## EXERCISE DIRECTIONS:
Shown below is a listing with pictures; reproduce exactly, and only, the lines between the ones containing "Plakat do filmu" and "Куртка двусторонняя УК-1548 Fabrika Фото 2", inclusive, leaving the pictures out.

## SOURCE INFORMATION:
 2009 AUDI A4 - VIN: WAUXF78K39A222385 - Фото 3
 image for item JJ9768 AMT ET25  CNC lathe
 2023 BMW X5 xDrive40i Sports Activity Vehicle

...

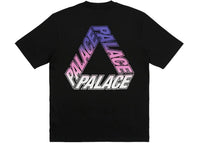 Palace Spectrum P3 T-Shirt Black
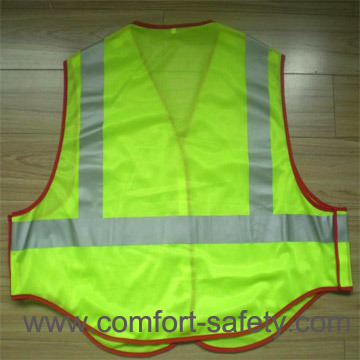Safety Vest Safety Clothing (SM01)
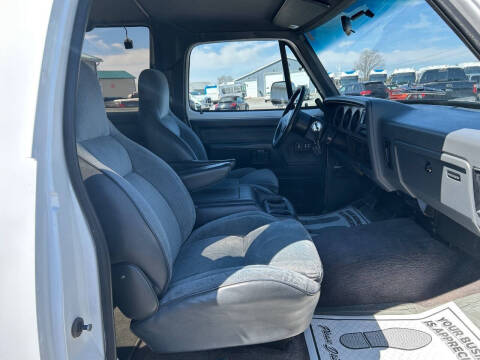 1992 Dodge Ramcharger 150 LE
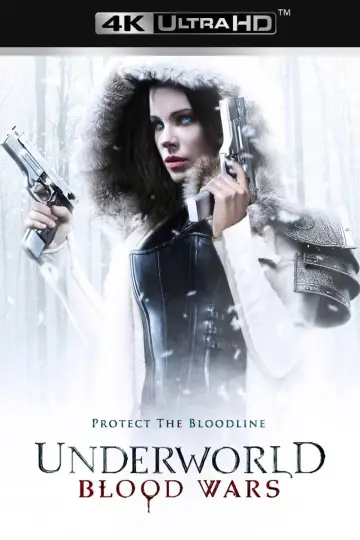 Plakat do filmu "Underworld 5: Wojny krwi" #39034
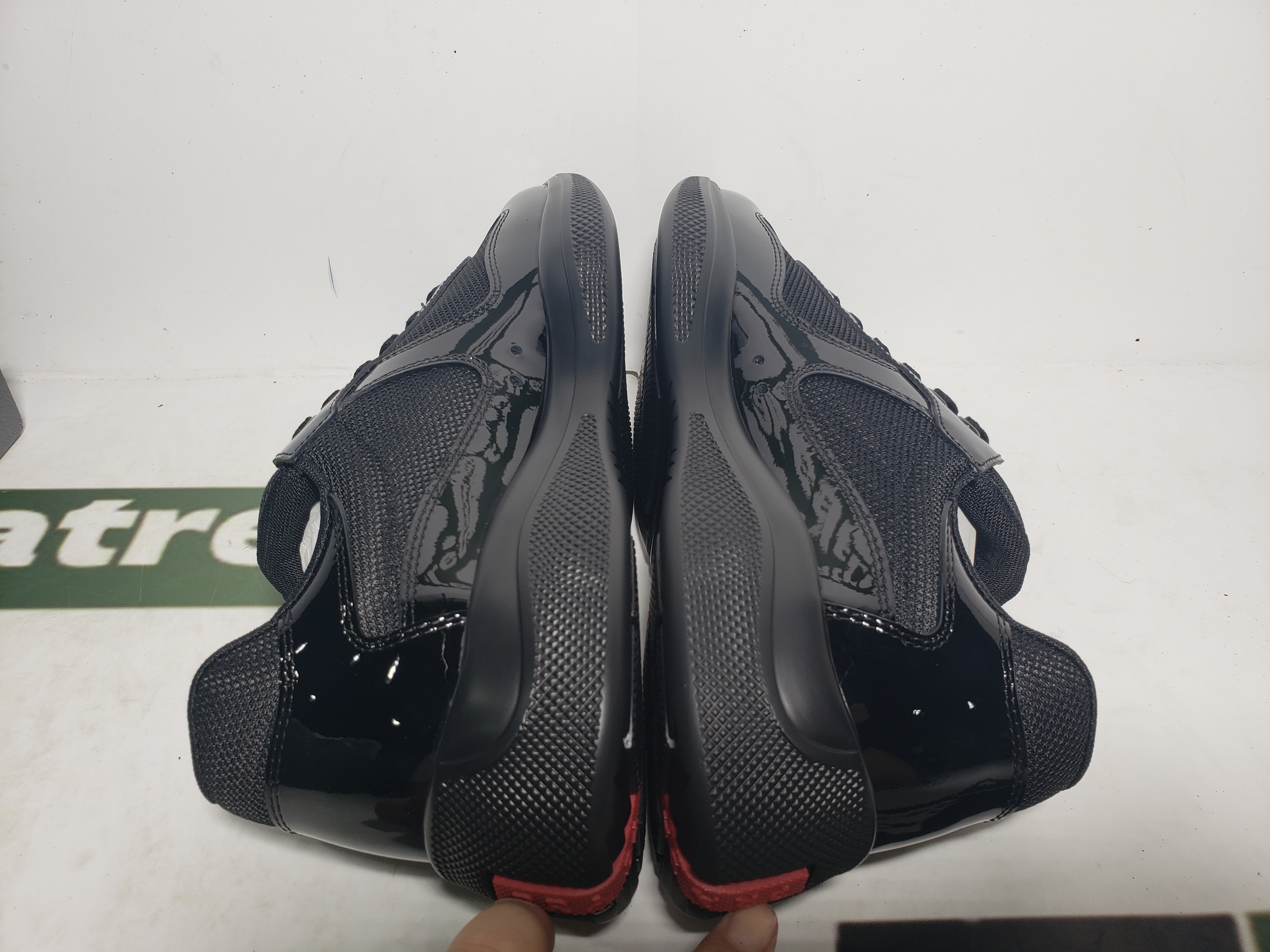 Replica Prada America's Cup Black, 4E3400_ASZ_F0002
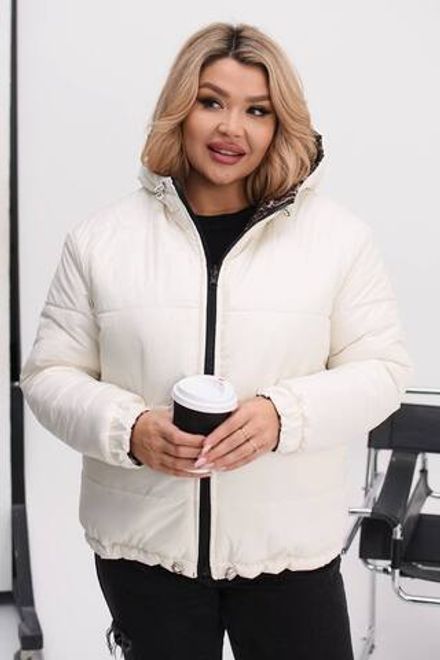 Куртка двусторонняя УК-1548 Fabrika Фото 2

## EXERCISE SOLUTION:
 Plakat do filmu "Underworld 5: Wojny krwi" #39034
 Replica Prada America's Cup Black, 4E3400_ASZ_F0002
 Куртка двусторонняя УК-1548 Fabrika Фото 2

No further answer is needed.